For one, FARC's legitimacy in the eyes of public opinion lies very low. When the previous attempt for a negotiated solution to the conflict failed, back in 2002, the incumbent President Alvaro Uribe took a hard line approach and promised to wipe the guerrilla out. While he only succeeded partially in the battle field, he managed to mainstream the idea in public opinion that FARC are nothing but a bunch of narco-terrorist criminals. FARC's rejection of international humanitarian law, and its practice of kidnapping and holding hostages captive for years under terrible conditions did not help them improve their image.

But the picture of perpetrators of violence is more complex. Thousands of former right-wing paramilitary forces who allegedly laid down arms in 2005 did not find a way back to normal and peaceful lives and instead swelled the numbers of criminal gangs. At the same time, confessions from former leaders of paramilitary groups have exposed the level of collusion and responsibility of important sectors of the military, the police, the private sector and the politicians with mass killings and other serious crimes.

The challenge to reverse this spiral of violence is therefore daunting. Too many people with economic and political power benefit from the status quo. While also too many people in Colombia have lost their trust in the Government and the guerrillas.

Yet developments at the negotiating table this week suggest a peace agreement is not only possible, but almost around the corner. On Wednesday President Santos traveled to Havana, where peace negotiations take place, to witness the signing of an agreement on justice for the victims of violence. This has been the most difficult agenda item to agree on. (Read the full text of the communiqué in Spanish here)

Human rights and victims' organisations have long been advocating for the right to truth, justice and guarantees of non-recurrence. The International Criminal Court is monitoring peace negotiations closely to ensure international standards of human rights are withheld.

But how to avoid impunity for past crimes and at the same time reach a peace agreement to prevent new crimes from happening? No guerrilla leader in the world would lay down arms voluntarily and go straight to prison for acts committed during the revolutionary struggle.
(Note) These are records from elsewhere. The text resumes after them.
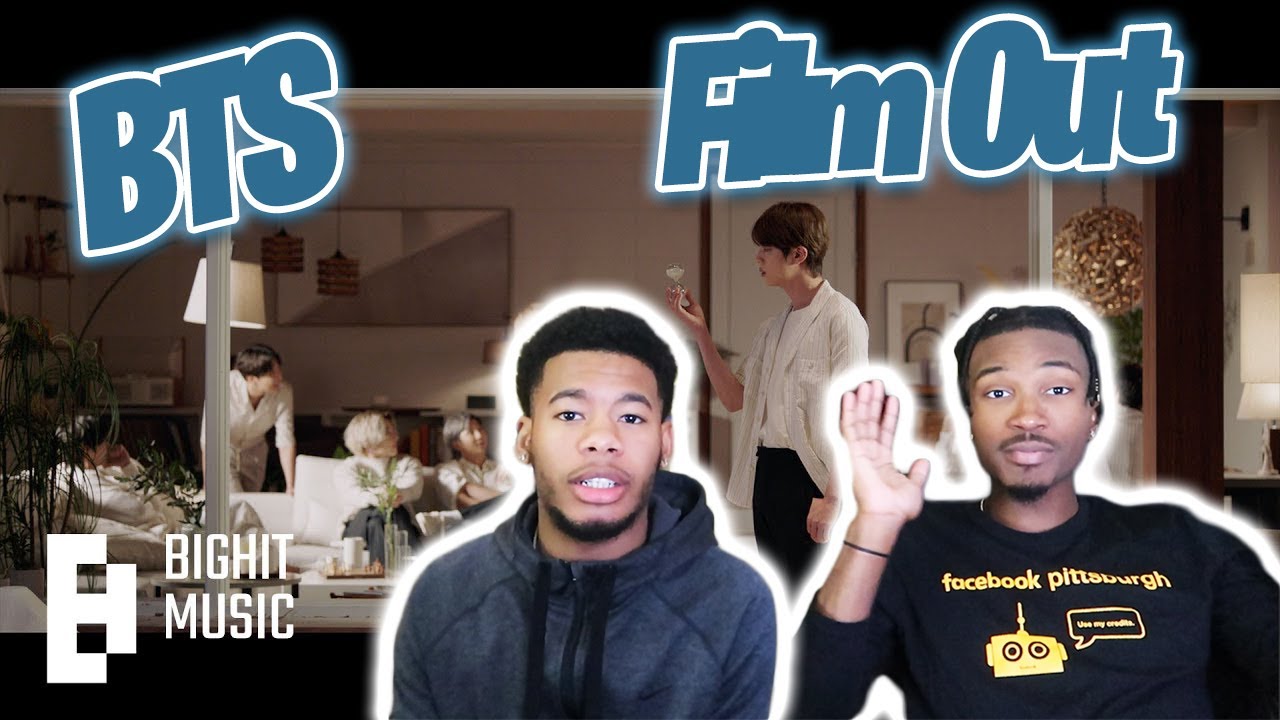 BTS (방탄소년단) 'Film out' Official MV First Time Reaction Video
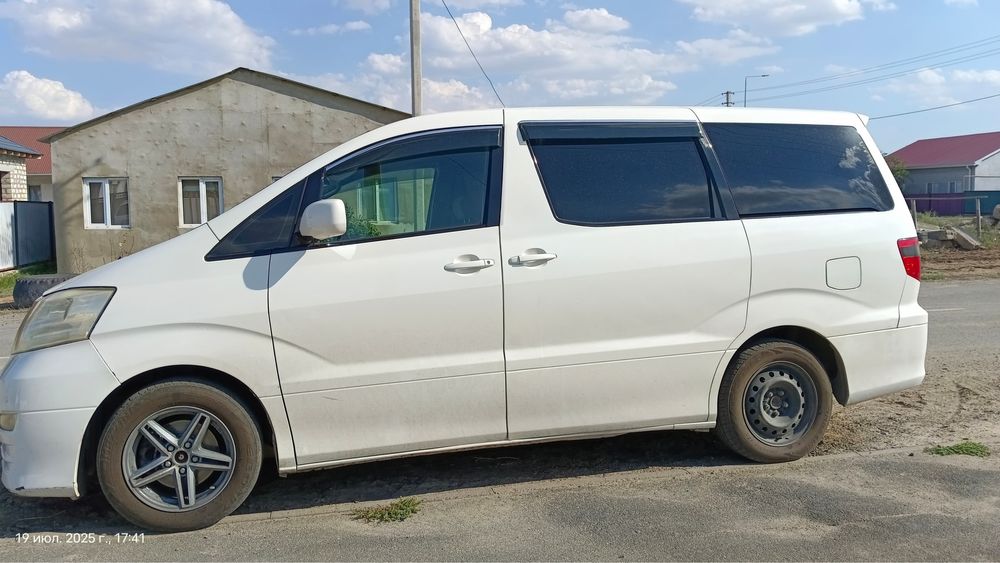 Альфард сатылат таза КЗ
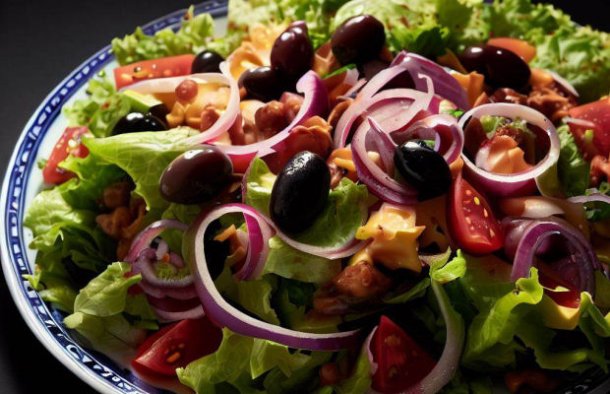 Easy, Quick and Healthy Salad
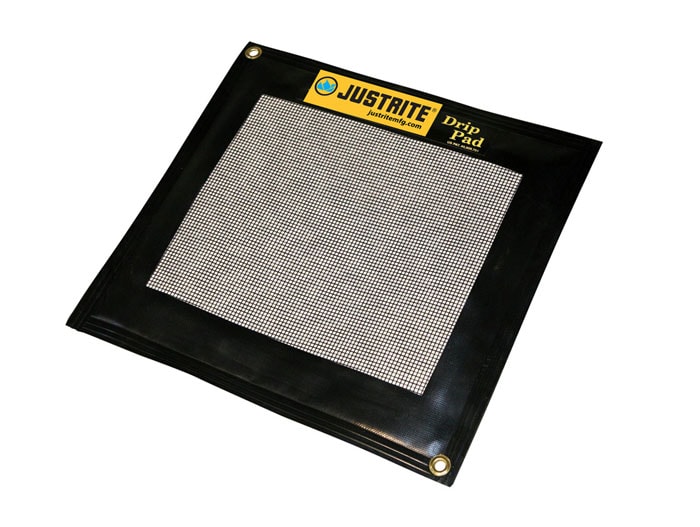 21"W x 23"L, 1.25 Gallon Spill Capacity, Drip Pad, With 5-Pack Sorbents - 28458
The parties have agreed that only political crimes will be amnestied. Amnesty will not extend to serious war crimes, hostage taking, torture, forced disappearance, extrajudicial executions or sexual violence. These crimes will be subject to investigation and trial by a Special Jurisdiction for Peace. Those perpetrators who confess their acts will still face restriction of liberties and rights, but with a focus on reparative and restorative functions towards the victims instead of sitting behind bars. Similar to the South African case, those who deny responsibilities but are found guilty will go to prison.

This agreement on justice adds to the previous ones on land reform, illegal drugs and political participation. Only one core topic remains to complete the negotiating agenda: the normalisation process of decommissioning FARC's forces and weapons and ensure their transition into civilian life. President Santos has announced negotiations will be completed within the coming six months.

A peace agreement does not signal the end of all forms of violence, as Colombians have learned from previous peace agreements with other groups. There is a need for multiple paths to peace beyond the negotiating table to ensure change really happens. Colombians are thus innovating in new forms of public participation, with multiple civil society organisations and committed political and economic actors informing the negotiating table about priorities and alternatives. Women are leading on many of these efforts.

Colombia is conducting the most important peace process in the world, which may terminate the last armed conflict in the American continent. If Government and FARC are able to complete negotiations and to deliver on their commitments, Colombia will become a living example that there is a peaceful solution to violent conflict. Colombia is bringing hope to the world, showing that there is no country that is eternally doomed to war.